REQUIREMENT: Extract all lines from the data beneath that include the word "Light".
Start of RECORDS
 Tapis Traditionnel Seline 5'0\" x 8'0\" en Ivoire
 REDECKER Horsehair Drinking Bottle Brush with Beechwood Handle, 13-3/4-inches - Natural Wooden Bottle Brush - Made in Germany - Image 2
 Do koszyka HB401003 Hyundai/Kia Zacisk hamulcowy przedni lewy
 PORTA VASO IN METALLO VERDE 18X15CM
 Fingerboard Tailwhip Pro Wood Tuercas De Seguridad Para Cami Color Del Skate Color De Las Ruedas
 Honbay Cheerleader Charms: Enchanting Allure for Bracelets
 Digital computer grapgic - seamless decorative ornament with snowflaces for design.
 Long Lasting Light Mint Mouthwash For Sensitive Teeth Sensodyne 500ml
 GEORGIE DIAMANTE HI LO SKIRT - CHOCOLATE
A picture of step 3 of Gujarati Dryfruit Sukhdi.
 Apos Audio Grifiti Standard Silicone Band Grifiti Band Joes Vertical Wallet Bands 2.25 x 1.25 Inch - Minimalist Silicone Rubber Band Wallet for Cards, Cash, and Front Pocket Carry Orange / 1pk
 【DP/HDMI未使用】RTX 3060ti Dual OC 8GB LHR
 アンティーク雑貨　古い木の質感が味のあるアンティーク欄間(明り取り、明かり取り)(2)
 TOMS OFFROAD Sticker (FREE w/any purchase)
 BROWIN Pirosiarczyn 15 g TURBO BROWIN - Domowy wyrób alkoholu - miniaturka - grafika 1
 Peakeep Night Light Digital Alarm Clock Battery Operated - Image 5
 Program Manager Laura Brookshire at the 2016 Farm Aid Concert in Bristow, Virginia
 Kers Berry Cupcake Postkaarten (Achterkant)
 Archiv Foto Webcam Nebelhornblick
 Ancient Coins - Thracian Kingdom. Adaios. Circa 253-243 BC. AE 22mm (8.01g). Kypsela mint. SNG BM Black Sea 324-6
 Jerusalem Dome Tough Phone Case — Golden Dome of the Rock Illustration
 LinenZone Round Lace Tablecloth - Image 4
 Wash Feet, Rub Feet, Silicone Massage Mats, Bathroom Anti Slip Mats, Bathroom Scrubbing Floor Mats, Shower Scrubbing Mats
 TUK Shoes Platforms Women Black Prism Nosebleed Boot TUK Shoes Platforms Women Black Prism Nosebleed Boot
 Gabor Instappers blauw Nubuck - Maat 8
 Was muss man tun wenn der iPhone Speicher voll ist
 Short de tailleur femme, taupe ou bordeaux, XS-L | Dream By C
End of RECORDS
RESPONSE TO THE EXERCISE:
 Long Lasting Light Mint Mouthwash For Sensitive Teeth Sensodyne 500ml
 Peakeep Night Light Digital Alarm Clock Battery Operated - Image 5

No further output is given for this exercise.